Hi Ville,
since you wrote the latest patches on tuple constructors, do you have an
opinion on this patch, or alternate strategies to achieve the same goal?
https://gcc.gnu.org/ml/libstdc++/2016-04/msg00041.html
On Thu, 21 Apr 2016, Marc Glisse wrote:
On Thu, 21 Apr 2016, Jonathan Wakely wrote:
On 20 April 2016 at 21:42, Marc Glisse wrote:
Hello,
does anyone remember why the move constructor of _Tuple_impl is not
defaulted? The attached patch does not cause any test to fail (whitespace
kept to avoid line number changes). Maybe something about tuples of
references?
I don't know/remember why. It's possible it was to workaround a
front-end bug that required it, or maybe just a mistake and it should
always have been defaulted.
Ok, then how about something like this? In order to suppress the move
constructor in tuple (when there is a non-movable element), we need to
either declare it with suitable constraints, or keep it defaulted and
ensure that we don't bypass a missing move constructor anywhere along
the way (_Tuple_impl, _Head_base). There is a strange mix of 2
strategies in the patch, I prefer the tag class, but I started using
enable_if before I realized how many places needed those horrors.

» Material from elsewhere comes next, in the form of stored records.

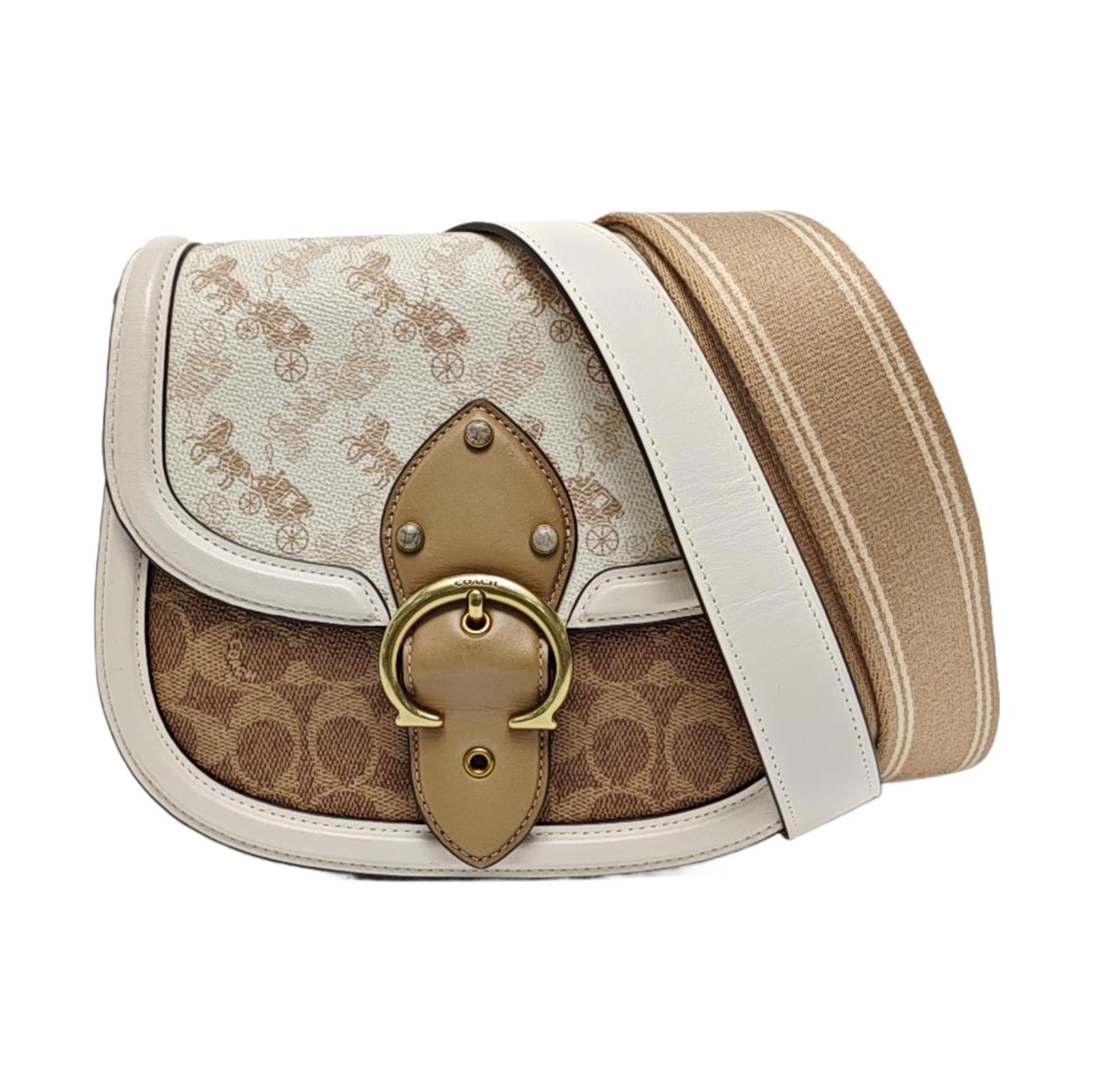 [Pre-Owned] Beat 22 Monogram Print Canvas And Leather Saddle Bag - Excellent #AJ65B7 ONE SIZE
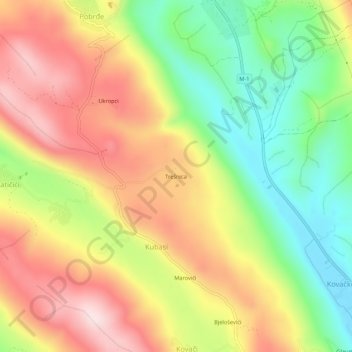 Mapa topográfico Trešnica, altitud, relieve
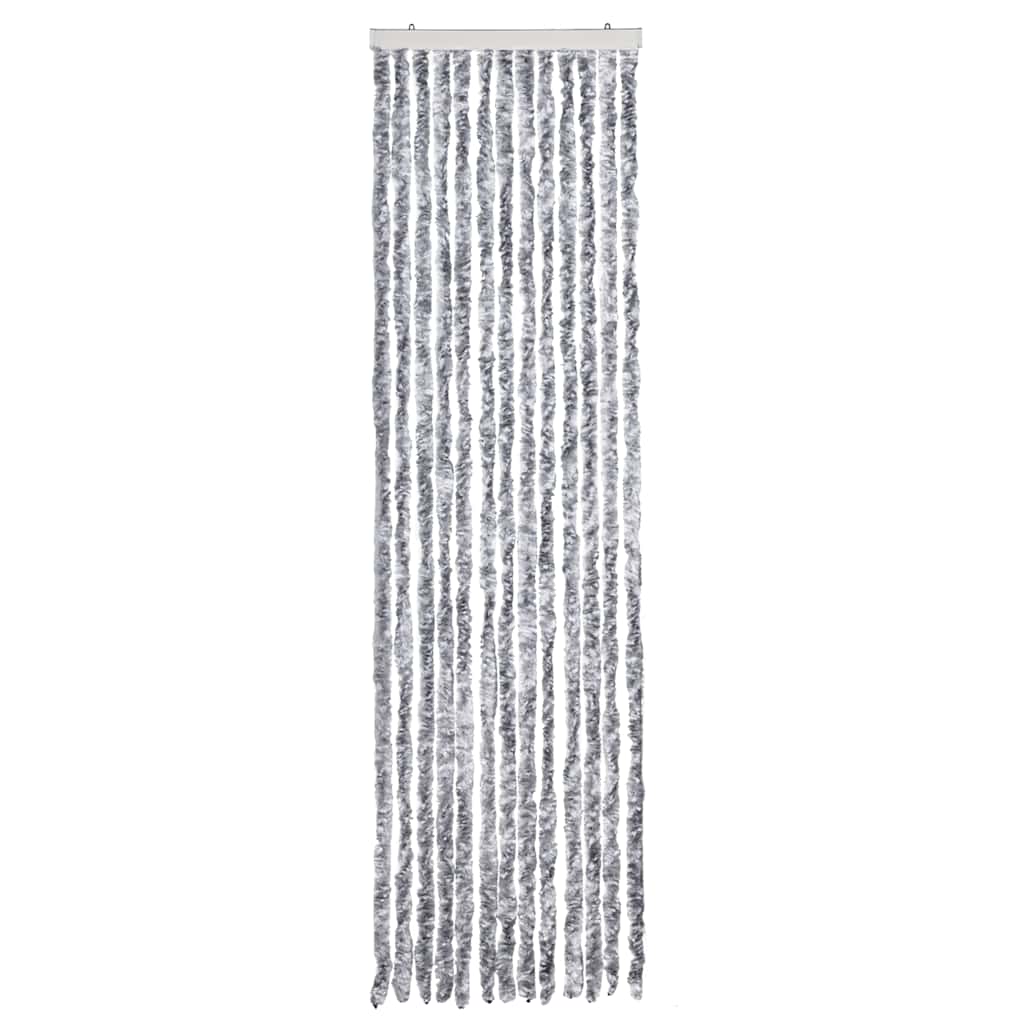 Zanzariera Bianco e Grigio 56x200 cm Ciniglia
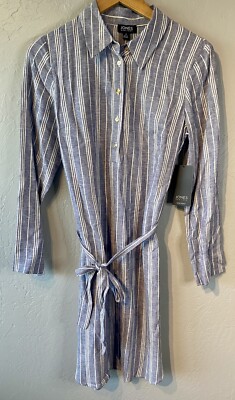 JONES NEW YORK BLUE WHITE STRIPED LINEN  BELTED SHIRT  DRESS SIZE 4 NEW WITH TAG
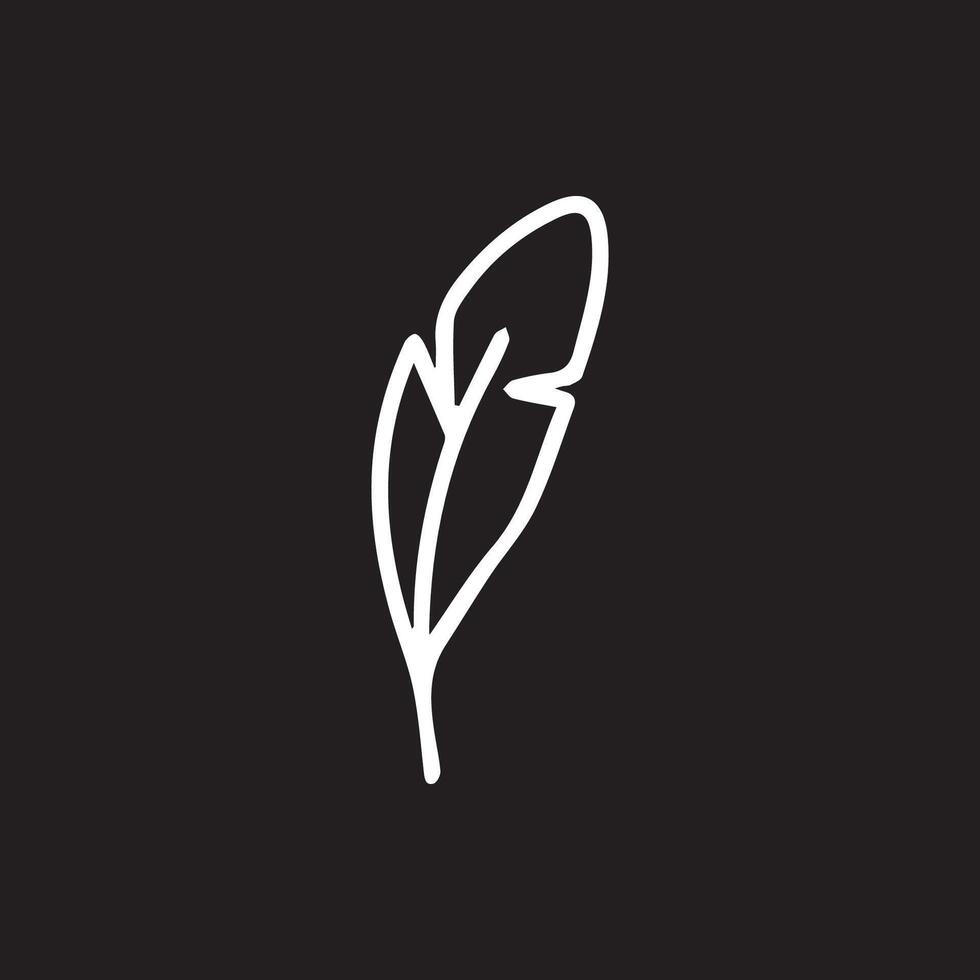 Minimalist Feather Illustration Graceful Simplicity on Dark Background vector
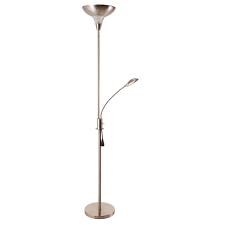 Floor lamps offer both widespread ambient lighting and direct task lighting, which are ideal for reading, watching television, or just adding a bright touch to a dark corner. Mainstays Torchiere Floor Lamp With Reading Light Silver Walmart Com Walmart Com
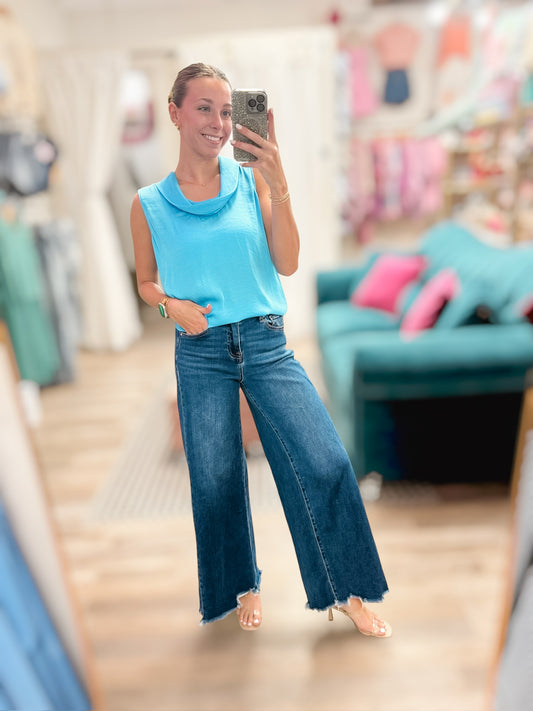 Soft Waves Turquoise Sleeveless Top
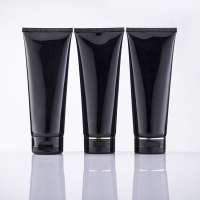 Wholesale 200ml Shiny Black Soft Squeeze cosmetic Tube with Silver Flip top Cap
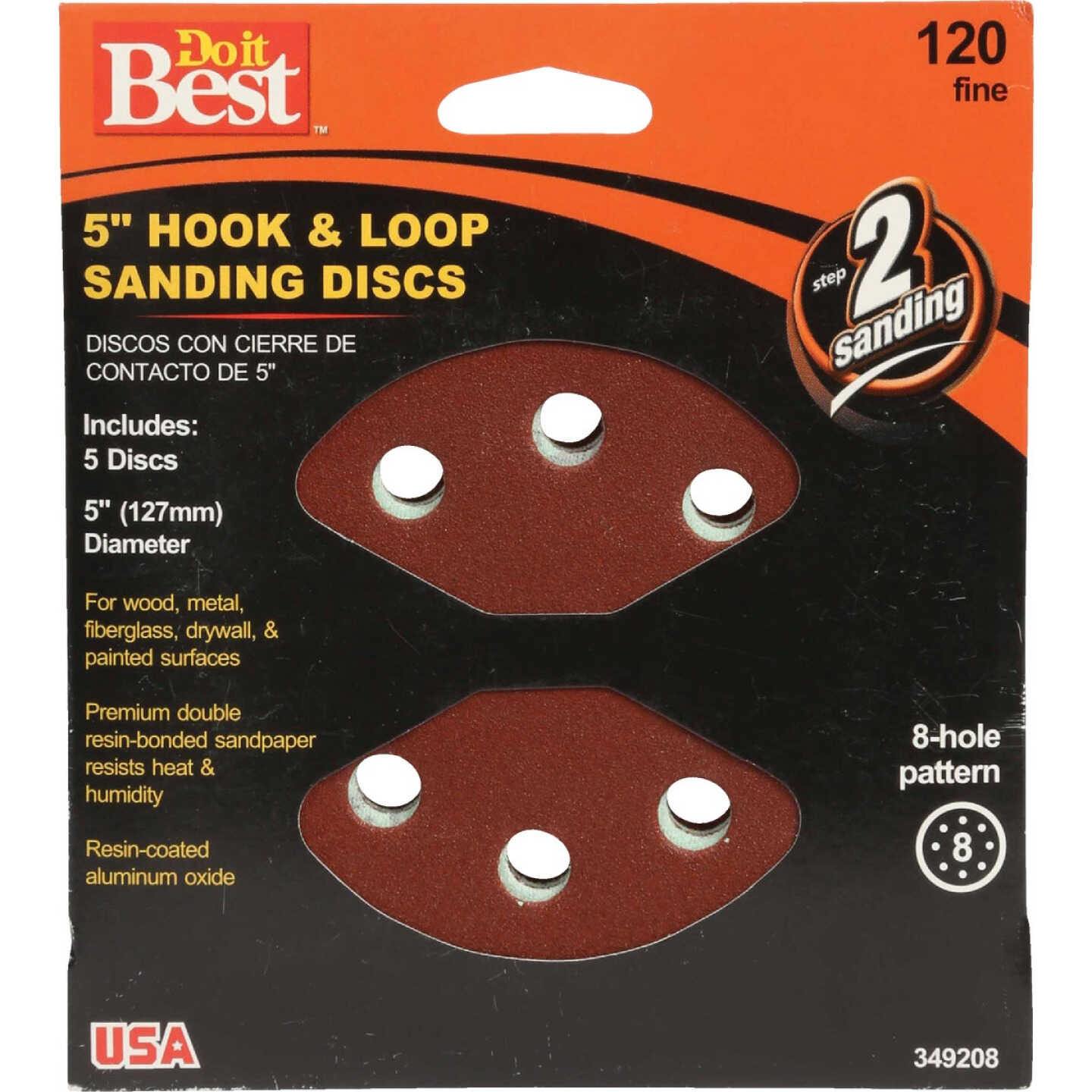 Do it Best 5 In. 120-Grit 8-Hole Pattern Vented Sanding Disc with Hook & Loop Backing (5-Pack) Image 1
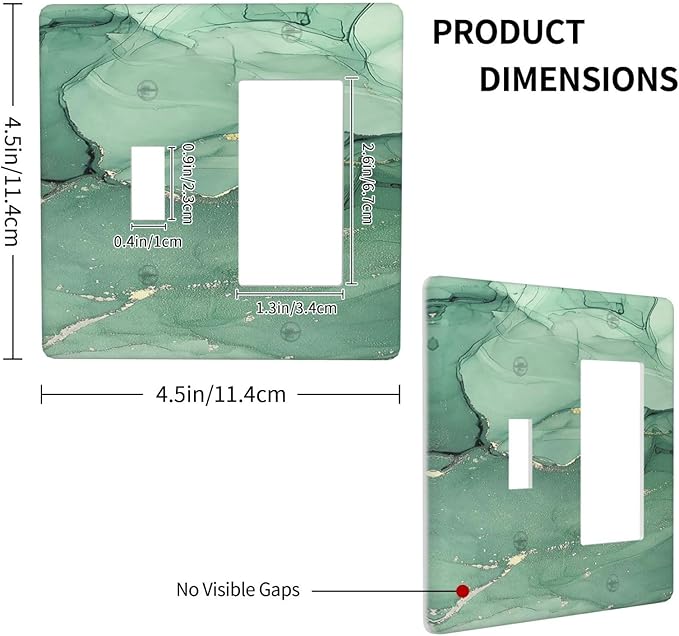 Outlet Covers Simple Green Marble 1 Toggle 1 Rocker Combination Decorative Wall Plate Electrical Switch Plates Light Switch Cover Plate for living Room Office Decor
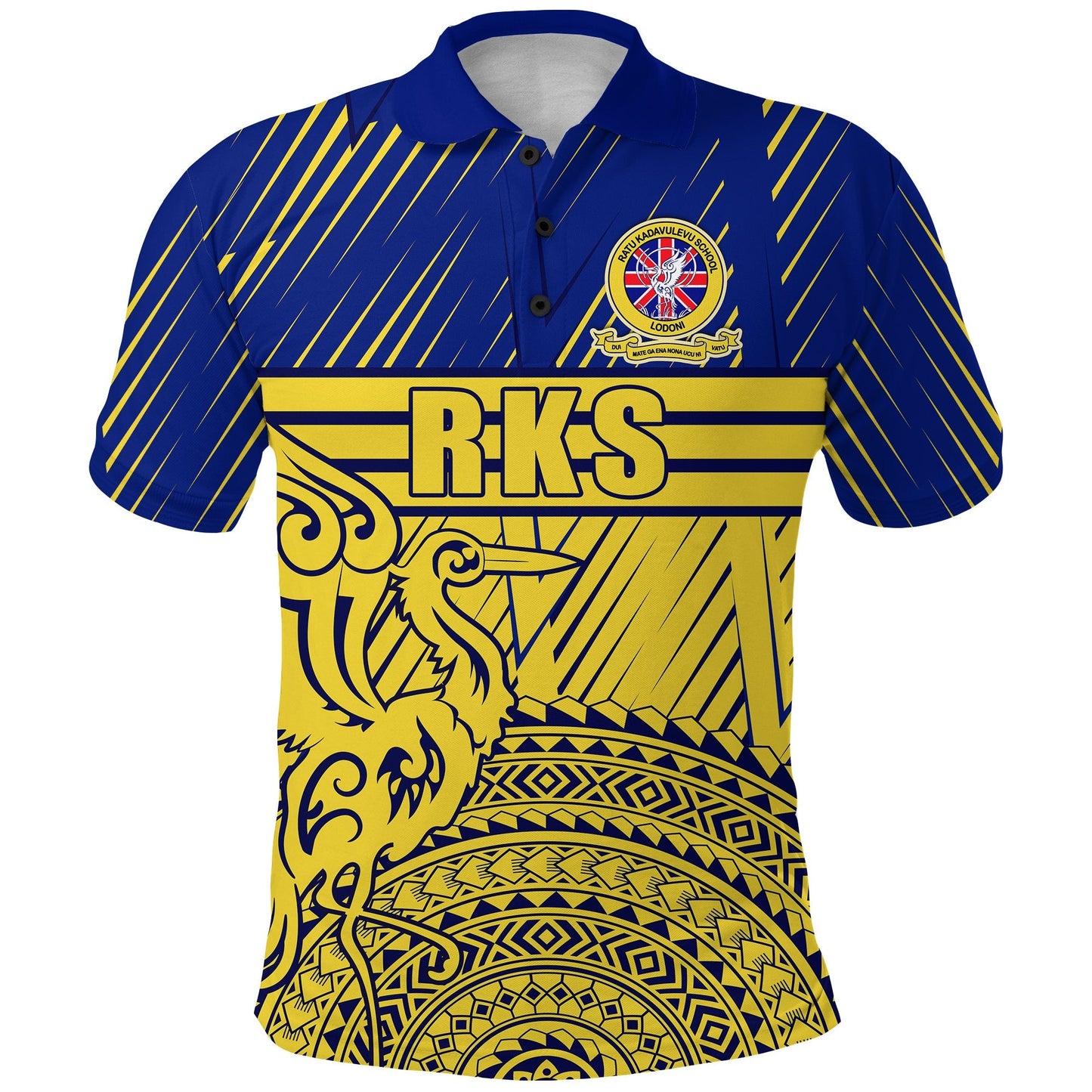 Custom Personalised Ratu Kadavulevu Polo Shirt Golden Heron - Fiji School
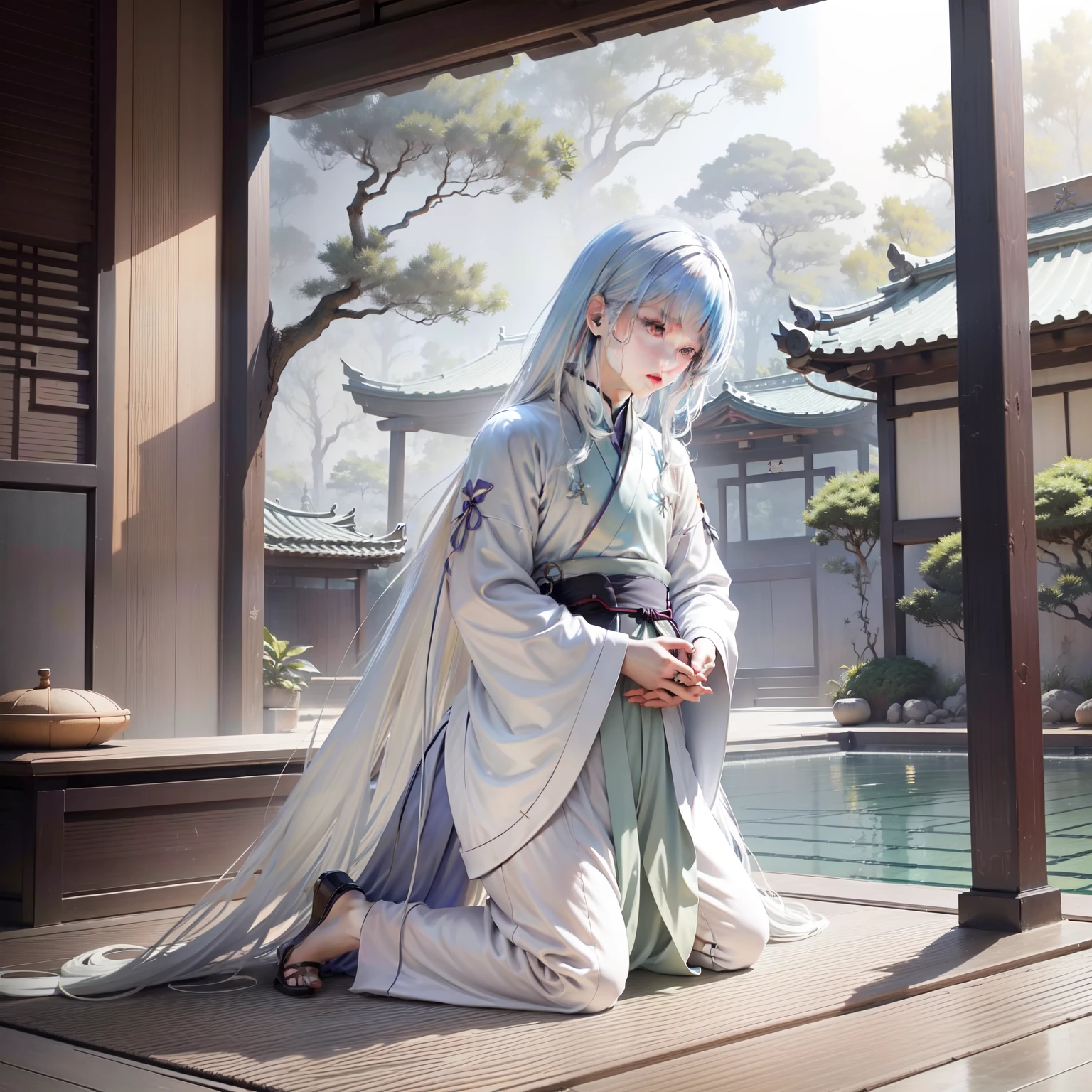 Kizi,kneels on the ground,Hanfu in his 20s, (wie z_swarm), tree, pool, White hair, Green eyes, Nahida_Genshin, , Masterpiece, Best quality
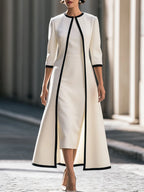 Contrast Trim Coat And Midi Dress Set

Bootstrap+regtest on powerpc64le-unknown-linux-gnu.
2016-04-22 Marc Glisse <marc.gli...@inria.fr>
* include/std/tuple (__element_arg_t): New class.
(_Head_base(const _Head&), _Tuple_impl(const _Head&, const
_Tail&...):
Remove.
(_Head_base(_UHead&&)): Add __element_arg_t argument...
(_Tuple_impl): ... and adjust callers.
(_Tuple_impl(_Tuple_impl&&)): Default.
(_Tuple_impl(const _Tuple_impl<other>&),
_Tuple_impl(_Tuple_impl<other>&&), _Tuple_impl(_UHead&&): Constrain.
* testsuite/20_util/tuple/nomove.cc: New.